Des supercalculateurs au service des chercheurs et des entreprises
GENCI (Grand Équipement National de Calcul Intensif) est une infrastructure de recherche française établie depuis 2007, portée par le ministère de l'Enseignement supérieur et de la Recherche, le CNRS, le CEA, France Universités et Inria. Son objectif : mettre à disposition gratuitement d’énormes ressources de calcul auprès de chercheurs académiques ou d’entreprises, par exemple à des fins de simulation numérique ou de développement de modèles d’IA. Stéphane Requena, directeur technique innovation de GENCI, revient sur les conditions et les modalités d’attribution de ces moyens, sans cesse améliorés.
Quelles sont les missions de GENCI ?
Stéphane Requena : Le but principal de GENCI est de favoriser le recours au calcul intensif, ou calcul haute performance, par les chercheurs et les entreprises, à l’échelle française et européenne. Cela passe donc, bien sûr, par l’acquisition, l’installation et la gestion opérationnelle des ressources nécessaires, à savoir des supercalculateurs et les moyens de stockage associés. Ces équipements sont hébergés au sein de trois centres : à l’Institut du développement et des ressources en informatique scientifique (IDRIS, CNRS), au Très Grand Centre de Calcul (TGCC, CEA) et au Centre Informatique National de l’Enseignement Supérieur (CINES, ministère de l'Enseignement supérieur et de la Recherche).
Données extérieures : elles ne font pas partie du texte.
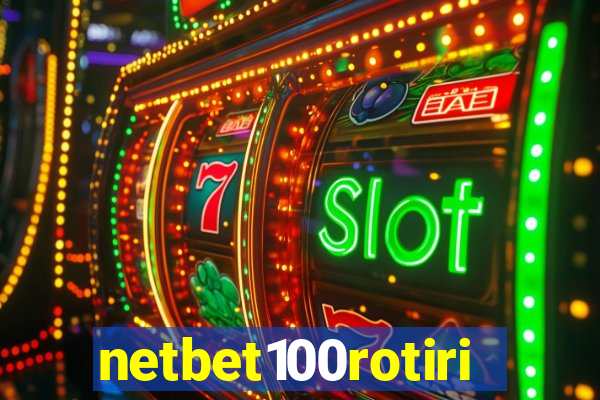 netbet100rotiri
Cependant, nous ne nous contentons pas de mettre à disposition des ressources de calcul. Nous proposons également un accompagnement, grâce aux équipes de support technique présentes dans chaque centre, afin de former les utilisateurs et les aider à installer leurs modèles ou leurs programmes, à les lancer, à les optimiser, voire à résoudre des problèmes. Cet accompagnement représente une valeur ajoutée fondamentale, dans la mesure où les supercalculateurs ne sont pas forcément faciles à prendre en main de prime abord.
Par ailleurs, pour démocratiser l’utilisation du calcul intensif, nous réalisons des actions de promotion de la simulation numérique et de l’IA auprès de communautés académiques et industrielles. Et nous contribuons fortement à l’écosystème français et européen de l’IA, notamment en portant le projet AI Factory France, qui vise, en fédérant une large communauté d’experts, à renforcer la position de la France et de l’Europe dans ce domaine.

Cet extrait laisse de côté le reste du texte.